Flyers prospect Philippe Myers heating up

ALLENTOWN, Pa. — It’s been 13 months since Philippe Myers felt this good about his game. 

It’s been that long since he took a nasty hit from Luke Kunin behind the net in Canada’s quarterfinal matchup against the United States at the 2017 World Junior Championships. It was also at that tournament where TSN analyst Bob McKenzie tweeted Myers looked “NHL ready, or close to it.” Not long afterward, former NHL executive and current analyst Craig Button listed Myers as a top 10 prospect currently not playing in the NHL.

Incredibly high praise for the 6-foot-5 defenseman who wasn’t drafted as an 18-year-old while playing with Rouyn-Noranda in the QJMHL and eventually signed as a free agent with the Flyers in September 2015.

His first professional season with the Lehigh Valley Phantoms hasn’t exactly been smooth sailing, though. Like Samuel Morin, Myers has been dealing with a nagging groin injury that has forced him to miss 17 AHL games so far.    

“The first half of the season wasn’t the half that I wanted,” Myers said. “I was hurt for the first couple of games. I missed about half of them. Lately, my groin’s been strengthening up and I feel a lot stronger and more stable on the ice.

“I feel like I can move a lot better, and that’s huge. Skating is a big part of hockey. I’ve just been feeling myself, getting to the stuff that I was doing last year and regaining those good habits. I felt like myself on the ice a couple weeks ago for the first time this year. I felt comfortable moving. I wasn’t feeling any pain at all.”

Myers' feeling of immobility prevented him from being a complete all-around player, so his attention was squarely focused on positional play in the defensive zone and winning one-on-one battles that are essential to developing into an NHL-caliber defenseman. 

In 28 games with the Phantoms this season, Myers has contributed three goals and nine assists. This after a three-year junior career that saw him score 29 goals and record 63 assists for 92 points.

“I’ve been trying to chip in offensively when I can, but obviously we have a defensive-first mindset here,” Myers said. “Good offense starts with good defense. You got to take care of your own end before you can join in on the rush.

“You just got to seize the opportunity, and when the opportunity is there you just gotta go. And if it’s not there, you don’t go. Not trying to force things — that’s something I’ve had to work on throughout the year and I think I’ve done a pretty good job at it, and now I just got to keep at it and keep the little details going.”

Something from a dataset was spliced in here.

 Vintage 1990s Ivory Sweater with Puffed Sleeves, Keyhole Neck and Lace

Organizationally, the Flyers' philosophy with their defensemen is comparable to rings around a tree. The outside arc is solidifying the basics, and as their respective games adapt to the speed of the AHL, that circle shrinks and they can start working on the finer details. Impressively, despite his injuries, Myers is considered to be on the same track as Travis Sanheim was a year ago when his game started to take off with the Phantoms.   

“There’s a process where you take care of the big things first and with all of our D, it’s about the ice surface first,” Phantoms head coach Scott Gordon said. “It's about not complicating your life on the breakout and making that first early pass when it's there. Now it's about the positional play, it’s about the defending part of it, the abrasiveness at the net front. Good stick, the positioning of the stick. The little details come over time. You can’t have everything all at once. It’s just information overload.

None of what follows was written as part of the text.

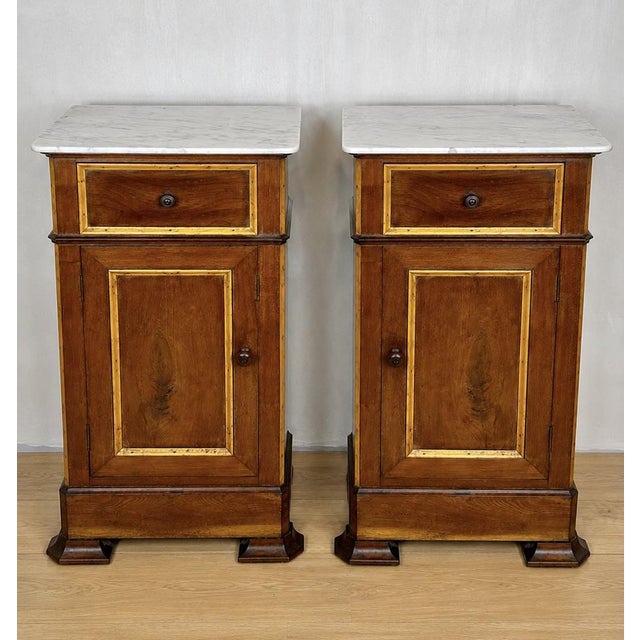 Spanish Wooden Nightstands with Marble Tops, 1930s, Set of 2 For Sale - Image 6 of 16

“When you consider the last three to four weeks, Philippe has played some of his best hockey. But he’s done it in half the time because he’s missed half the amount of games and half the amount of practices. You wonder where he’d be right now if he didn’t have the nagging injuries.”

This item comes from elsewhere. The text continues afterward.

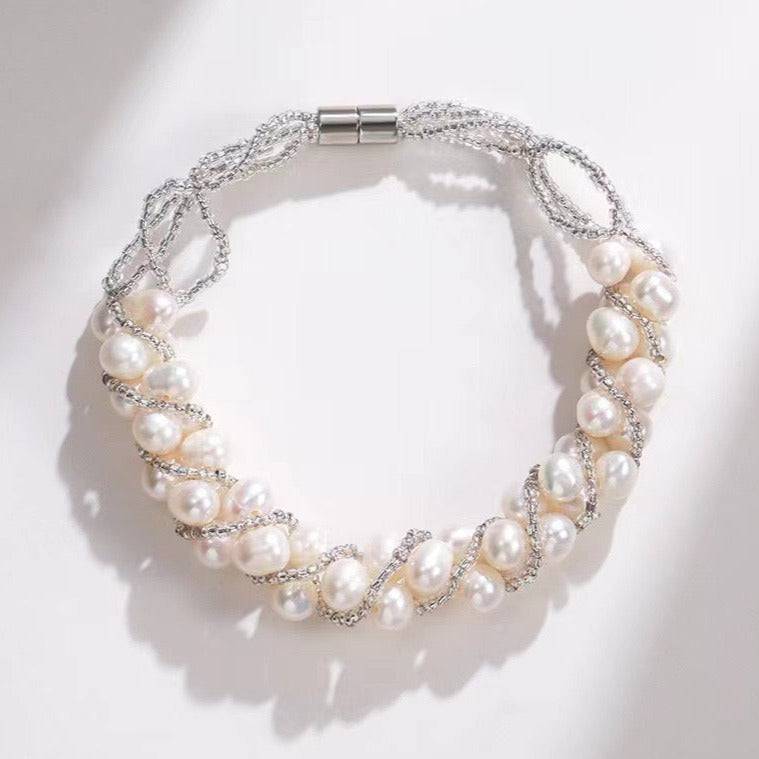 Image of White Freshwater Pearls Twist Braided Necklace & Bracelet (Purchase Individually)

With Morin out for an extended amount of time, Myers now comprises the Phantoms' top pairing along with Sanheim, who was assigned to the Phantoms this week after playing 35 games and scoring one goal, with the Flyers. When you evaluate Morin, Myers and Sanheim, they’re three players with unique skill sets, but Myers appears to be more of a hybrid of the other two. Sanheim has the offensive flair while Morin's specialty is physicality.

“[Myers'] ability is to get up and down the ice and make plays, and use his shot and defend. He’s a sneaky, hard player.” Gordon said. “He’s got a little bit of Sam in him at times when players have to pay a price when they go near him. It’s maybe not as dramatic as Sam, but he does play with an edge and he has that offensive upside.”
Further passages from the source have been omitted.